Funny Cide Wins Preakness
Funny Cide showed a serious side Saturday, barreling down the stretch for a runaway victory in the Preakness and setting the stage for a Triple Crown try in the Belmont Stakes in three weeks.
It was the second remarkable win in a row for the New York-bred chestnut gelding, journeyman trainer Barclay Tagg and an ownership group of high school pals who kicked in $5,000 apiece to start Sackatoga Stable.
The win may have been sweetest of all for jockey Jose Santos. It came just five days after he was cleared by Churchill Downs stewards investigating a photograph and a news report that raised the question of whether he carried something other than his whip as he crossed the finish line at the Kentucky Derby.
Instead of two days, Santos had to wait less than two minutes for the verdict this time. Funny Cide pulled away from the field turning for home and steadily increased his margin through the stretch before the cheering crowd at Pimlico Race Course.
His powerful finish was something to behold: He won by 9 3/4 lengths 1/4 length shy of Survivor's 10-length victory in the first Preakness, in 1873.
The win moved Funny Cide to the brink of racing immortality on June 7, when he will attempt to become the 12th Triple Crown champion and first since Affirmed in 1978.
Funny Cide will be the fifth horse in the last seven years with a Triple chance, and ninth since Affirmed swept the Derby, Preakness and Belmont a quarter century ago.
A gelding has never won the Triple Crown.
At the finish, Santos stood in the stirrups, put his fingers to his lips, blew a kiss and then held up his hand as if he wanted to make sure all the world could see there was nothing in it.
The 9-5 favorite in the field of 10 3-year-olds, Funny Cide covered the 1 3/16th-mile Preakness in 1:55.61, well off the record of 1:53.4 last accomplished by Louis Quatorze in 1996.
Midway Road, a 20-1 shot, was second, with Scrimshaw third and Peace Rules fourth.
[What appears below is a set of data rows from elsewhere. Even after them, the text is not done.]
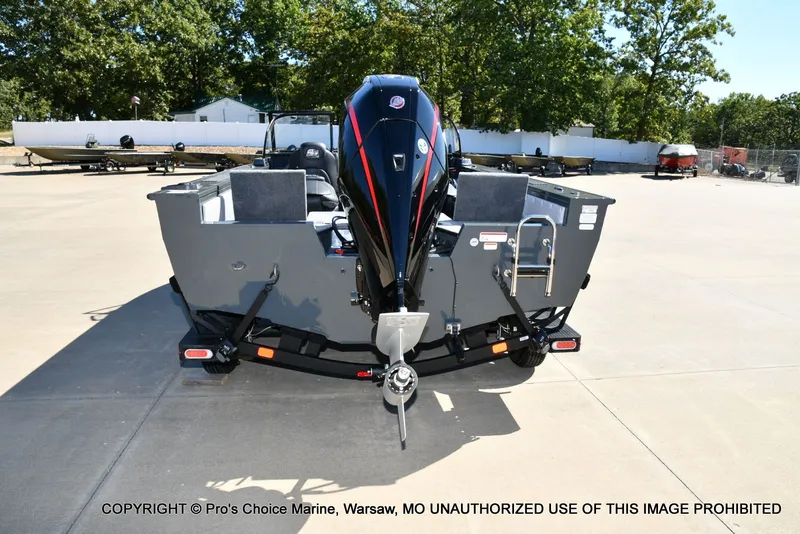 Slide: The Image of Ranger VX1988 WT w/250HP Mercury Pro-XS 2026 - 85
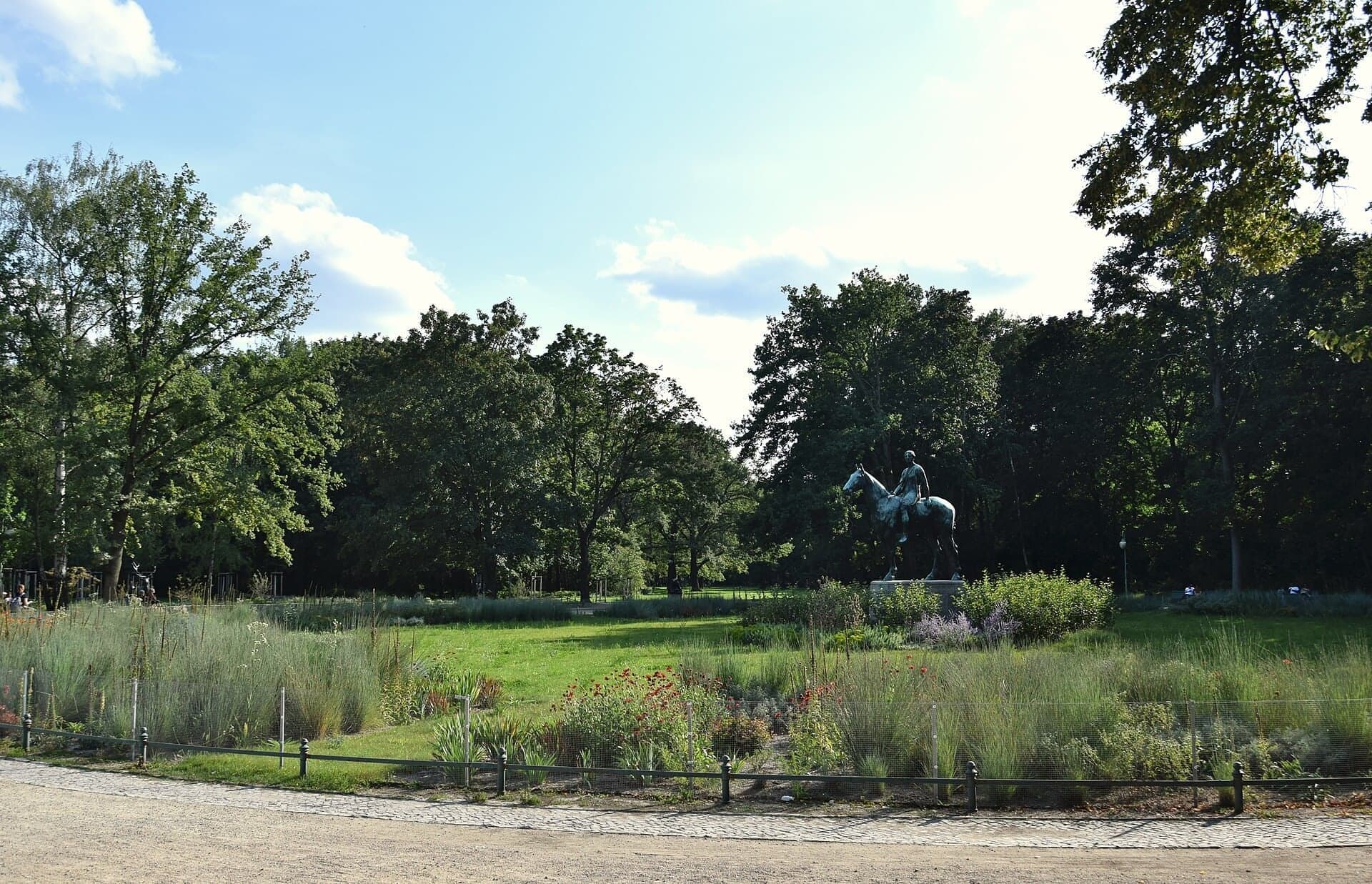 Floraplatz: Bronze Animals from Philadelphia
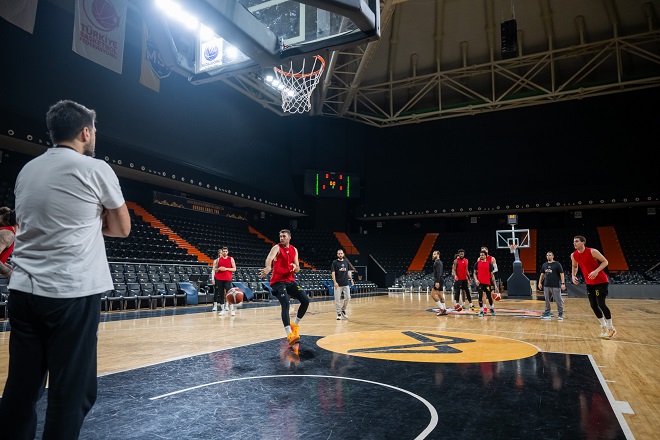 Türkiye Sigorta Basketbol Süper Ligi’nde mücadele eden ve sezonun ilk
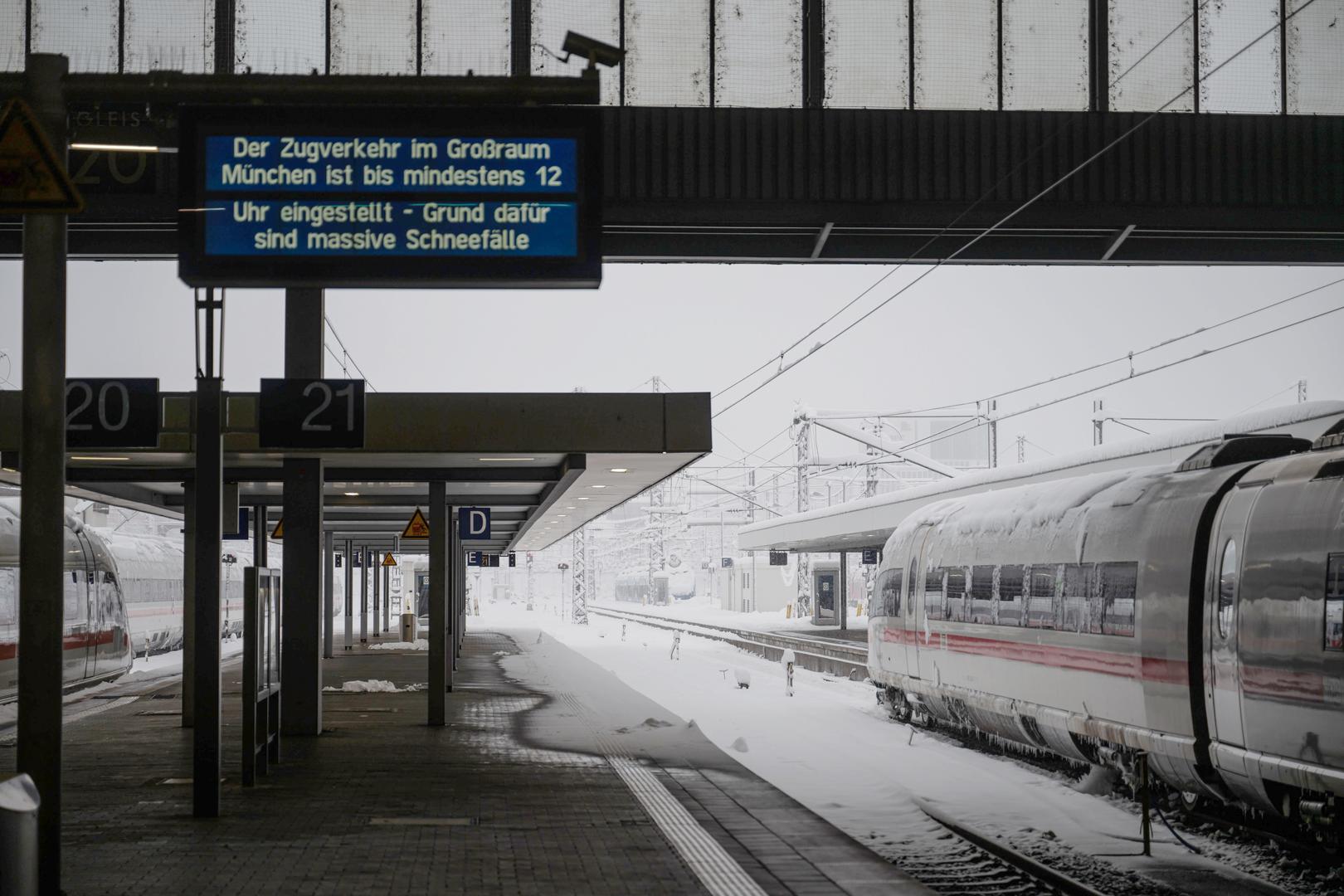 02 December 2023, Bavaria, Munich: Snow-covered tracks and empty platforms at the main station. Train services to and from the main station have been temporarily suspended. Snow and ice have caused chaos on the roads and on the railroads in southern Bavaria. Photo: Lukas Barth/dpa Photo: Lukas Barth/DPA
Senor Swinger was fifth, followed by New York Hero, Foufa's Warrior, Cherokee's Boy, Ten Cents a Shine and Kissin Saint.
Funny Cide won for the fifth time in seven starts and earned $650,000 for Sackatoga, boosting his career money totals to $1,889,385. Tagg, a self-described eternal pessimist, bought Funny Cide for $75,000 late last year.
The winner returned $5.80, $4.60 and $3.40. Midway Road, with Robby Albarado aboard, returned $15.40 and $9 and Scrimshaw paid $4 to show.